Task |
Only the closing portion of the entries is to be reproduced: the line containing "Nokian Tyres Nordman 5 SUV 215/65 R16" through the very last line, exactly as written.

Extracted information |
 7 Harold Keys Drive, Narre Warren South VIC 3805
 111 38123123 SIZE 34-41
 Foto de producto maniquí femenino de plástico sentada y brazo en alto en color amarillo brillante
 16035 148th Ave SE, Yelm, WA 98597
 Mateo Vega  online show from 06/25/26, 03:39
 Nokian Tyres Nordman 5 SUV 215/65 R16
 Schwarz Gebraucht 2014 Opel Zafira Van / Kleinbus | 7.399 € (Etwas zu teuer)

Your response |
 Nokian Tyres Nordman 5 SUV 215/65 R16
 Schwarz Gebraucht 2014 Opel Zafira Van / Kleinbus | 7.399 € (Etwas zu teuer)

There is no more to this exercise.